Then, of course, there is the Maryland broken-winged pterodactyl, another legislative map.
And who can forget Ohio's district nicknamed The Duck, a third district from a legislative-controlled map.
Contrast this with Iowa.
Their maps are drawn by nonpartisan staff and presented to the legislature for an up or down vote, with no amendments whatsoever allowed.
Redistricting is meant to protect equality and voting.
But when maps are drawn for political advantage, the system can leave many voters feeling sidelined.
And when the very lawmakers who could prevent gerrymandering are the ones who benefit from it, this erodes trust in elections overall.
Ultimately, when it comes to redrawing the maps, one thing is for certain: The lines are blurred.
So let's get some clarity in the center ring.
Joining me in the center ring is Harvard professor of law, Nicholas Stephanopoulos.
Welcome, Nicholas.
>> Prof. Stephanopoulos: Thanks for having me on.
>> John: Well, we got a lot to talk about with gerrymandering, so let's get right to it.
Before we get into the actual term gerrymandering, tell us how districts are set up in this country, political districts.
>> Prof.

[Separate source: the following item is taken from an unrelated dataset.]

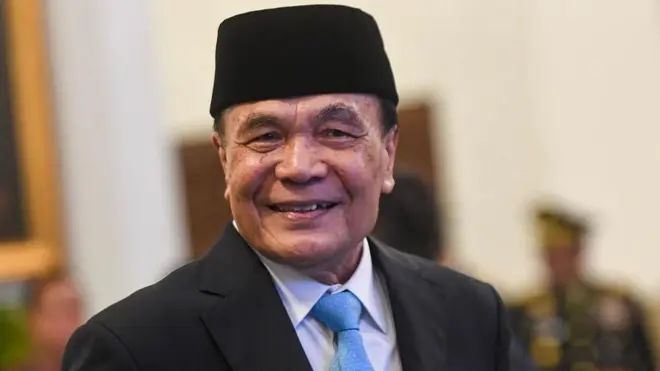 Menteri Koordinator Bidang Politik dan Keamanan, Djamari Chaniago, saat baru dilantik di Istana Negara, Jakarta, Rabu (17/09/2025).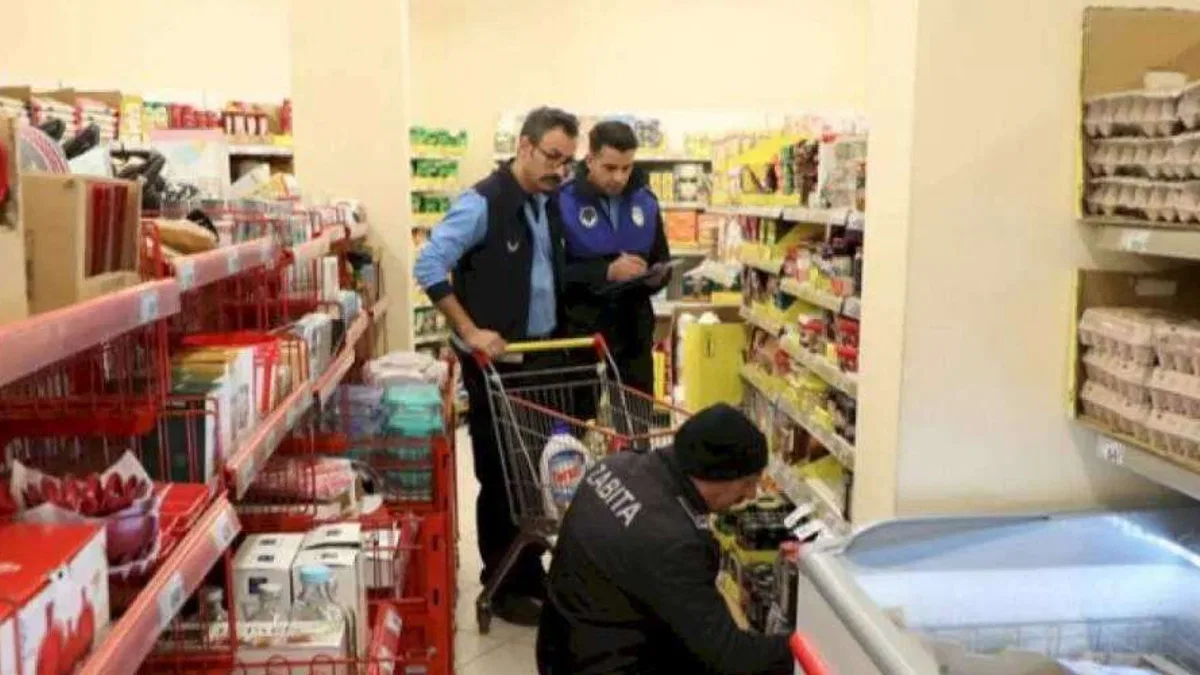 Sivas'ta zabıtadan zincir marketlere denetim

Stephanopoulos: Yeah, so once per decade, we draw legislative districts all around the country to make sure they all have about the same population.
So the census comes out with new population data at the beginning of the decade, and then, states and cities and counties, all across America redraw their districts to make sure they have about the same population, within each district.
>> John: So if a state like New York, which has been losing population, for decades, every ten years, it seems like we're losing another around district.
I had 45 when I was a kid in New York State about that, and now we're down to 26.
And so who sets who decides where those congressional districts go and the numbers?
>> Prof. Stephanopoulos: Yeah, so usually redistricting is a bill just like any other one, and so elected legislators would be the ones passing a new district map.
That's the norm in most U.S. states.
A few states have commissions drawing district lines instead.
And so commissions are typically made up of non-legislator, non-politician citizens who don't have a vested interest in the results of the redistricting process.
And that's how the lines are drawn in about 10 or 15 states around the country.
Whoever draws the lines, they have to make sure using census data that every district has about the same population.
And they also have to satisfy various other requirements, drawing compact districts or trying not to split up county or municipal boundaries.
>> John: Now, in doing this redistricting, it's pretty clear that there's been some issues lately.
The term gerrymandering has become commonplace.
What is gerrymandering?
>> Prof. Stephanopoulos: So gerrymandering just refers to drawing district lines with the goal, and usually also with the effect, of benefiting the line drawing party and disadvantaging the other party.
And we've had gerrymandering for a long time in the U.S.
The term dates back to the early 1800s, and a particularly aggressive and ugly looking gerrymander that Elbridge Gerry's party, the Democrat Republican Party used to try to handicap the Federalists back in Massachusetts around 1812 or so.
Maybe that was the first, but by no means the last gerrymander.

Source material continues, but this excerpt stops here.